Во избежание толков и пересудов Петр будто бы запер гробницу на ключ. Легенда эта включает фрагмент старинного предания, бытовавшего среди раскольников, которые считали Петра Антихристом, а Петербург – городом Антихриста, городом, проклятым Богом. По этому преданию, Петр дважды привозил мощи святого Александра в Петербург, и всякий раз они не хотели лежать в городе дьявола и уходили на старое место, во Владимир. Когда их привезли в третий раз, царь лично запер раку на ключ, а ключ бросил в воду. Правда, как утверждает фольклор, не обошлось без события, о котором с мистическим страхом не один год говорили петербуржцы. Когда Петр в торжественной тишине запирал раку с мощами на ключ, то услышал позади себя негромкий голос: «Зачем это все? Только на триста лет». Царь резко обернулся и успел заметить удаляющуюся фигуру в черном.
Впоследствии императрица Елизавета Петровна приказала соорудить для мощей Александра Невского специальный серебряный саркофаг. Эту гробницу весом в 90 пудов изготовили мастера Сестрорецкого оружейного завода. 170 лет она простояла в Александро-Невской лавре. Слева от нее находилась икона Владимирской Богоматери, которая, по преданию, принадлежала самому Александру Невскому. По свидетельству современников, еще при Елизавете Петровне в Петербурге сложился обычай класть на раку монетку «в залог того, о чем просят святого». Еще одна традиция стала общероссийской. Ежегодно 30 августа по старому стилю от Казанского собора к Александро-Невской лавре совершался крестный ход в память перенесения мощей святого князя. В нем принимали участие все кавалеры ордена Александра Невского.

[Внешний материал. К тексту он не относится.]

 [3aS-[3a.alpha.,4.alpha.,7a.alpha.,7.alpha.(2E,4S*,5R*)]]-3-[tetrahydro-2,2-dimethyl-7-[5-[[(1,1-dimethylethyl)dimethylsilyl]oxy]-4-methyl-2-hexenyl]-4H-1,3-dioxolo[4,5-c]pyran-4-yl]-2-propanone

В 1922 году раку изъяли из Александро-Невской лавры и передали в Эрмитаж, где она находится до сих пор, а сами мощи – в Музей истории религии и атеизма, находившийся в то время в Казанском соборе. В 1989 году мощи святого Александра Невского были возвращены в Троицкий собор Александро-Невской лавры.
Александро-Невская лавра, или, как ее называют в фольклоре, «Александр» и «Александров храм», представляет собой целый комплекс архитектурных сооружений, главное из которых – Свято-Троицкий собор, строительство которого начато в 1719 году по проекту архитектора Доменико Трезини. Затем работы продолжил Т. Швертфегер. Но из-за грубой ошибки при строительстве стены собора начали разрушаться. В 1755 году храм пришлось разобрать. Существующий собор возведен по проекту архитектора И.Е. Старова и освящен в 1790 году. По сложным, не всегда понятным зрительным ассоциациям, его иногда называют «Собором парижской Богоматери». Вход в собор оформлен фигурами двух ангелов – Михаила и Гавриила. Согласно городской мифологии, они следят за уровнем воды в Неве и стоят наготове, чтобы взлететь, когда город начнет уходить под воду. Тогда они начнут «помогать тем, кто светел и чист душой».